As before, this page will first list a number of observations about the Voynich MS syntax or grammar that may be found in the earlier literature, and then concentrate on analyses that have been performed more recently. The latter includes among others cluster analyses detecting variation of language 'usage' across the MS and long-range correlation studies which indicate that the MS text seems to behave just like normal language.
Several sources list 'odd features' of the MS text. In order to present a complete overview, they will be collected here. (Though this is not yet complete).
(Note: Tiltman treats f as a variant form of k and p as a variant form of t. In the following, characters or sequences in parentheses represent such variant forms).
'Unattached' finals scattered throughout language 'B' texts in considerable profusion; generally much less noticeable in Language 'A'.
Several authors have remarked that the MS curiously lacks repeated phrases of 2 or more words. Such repeated expressions would typically be expected, for example, in the herbal section, as may be observed in editions of medieval herbal MSs (4). Various different mechanisms can be proposed that would lead to this phenomenon (e.g. word transposition or scrambling). It could also be an indication that the text is meaningless. Furthermore, it may be partly due to errors in the text and the fact that orthography was not yet standardised, though one may seriously doubt whether that is sufficient to explain it. This is something that could be tested numerically, by taking an edited text and introducing errors and non-standard orthography. I do not believe that this has been attempted so far. In any case, the reason for the missing long repeats is so far not understood, and it remains a key issue.
The principle of cluster analysis has been explained briefly in the introductory page. Typically, it is applied to the MS text after it has been split into pages, in order to analyse the correspondence between the texts of the different pages. They tend to confirm Currier's split between A and B languages, but also demonstrate that there are additional details. For the time being, I just list the following contributions, most of which may be read on-line.
This technique, used by Brendan McKay and Mark Perakh, has been applied to a number of plain language texts and also the Voynich MS. While the principle behind the computed statistic is not fully understood, it clearly appears that meaningful texts generate a particular curve exhibiting one minimum, which is equally observed for the Voynich MS. If the words in the text are shuffled around arbitrarily, the curve changes into a flat line.
The tentative conclusion is that the text in the Voynich MS appears to represent something meaningful. The >>articles are available online
In a 2001 paper in Cryptologia (6) Gabriel Landini comes to a very similar conclusion.
Amancio et al. published a paper in 2013 (7), based on the results of applying 'big data' analysis techniques to the Voynich MS text. This paper is >>available on-line. It does not concentrate only on the Voynich MS, but looks at it as an example. The main conclusion is that the text in the Voynich MS is significantly different from a scrabled version of the same text, i.e. it is not an arbitrary sequence of words.
The important 2007 paper by A. Schinner (8) deserves a thorough discussion, which will be added here shortly.

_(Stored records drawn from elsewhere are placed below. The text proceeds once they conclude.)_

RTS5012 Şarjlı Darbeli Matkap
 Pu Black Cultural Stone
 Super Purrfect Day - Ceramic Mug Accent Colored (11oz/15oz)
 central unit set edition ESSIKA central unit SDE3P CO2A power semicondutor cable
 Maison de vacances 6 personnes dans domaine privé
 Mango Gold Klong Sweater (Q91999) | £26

It treats several anomalies of the Voynich MS text, such as vertical patterns, and anomalous 'random walk' behaviour, which led the author to conclude that the text is possibly meaningless, and the result of a hoax.
Torsten Timm wrote a paper in 2014, with the most recent revision in Dec.2015, which is >>available on-line here in which he proposes a method by which the Voynich MS would have been created. This works along the lines of the vertical patterns mentioned above. Apart from the theory, it includes a large number of additional statistics.
In a study looking at different statistics of word pairs, where the pair of words in question may be adjacent in the text, or separated by any number of intermediate words, Fincher noted that the text in the Voynich MS does not at all behave in the same way as plain texts in several known languages. I don't know whether the paper is available on-line. The analysis is closely related to the problem of lack of repeating strings, and also suffers from possible inconsistent spelling and errors in the text or transliteration.
Sravana Reddy and Kevin Knight produced a publication in 2011 (9) with a large selection of old and new statistics of the text of the Voynich MS, titled "What we know about the Voynich MS".
Some of the statistics and results of Reddy and Knight are revisited, and shown graphically, on >>this page by Sean Palmer.
The publication in 2013 by Montemurro and Zanette (10) received quite a bit of attention in the media because, contrary to the work of Rugg and Schinner, it appears to demonstrate that the Voynich MS contains a meaningful message. To be discussed in more detail.
In 2014 a group of students under prof. Derek Abbott performed an extensive series of analyses which are presented in an online wiki.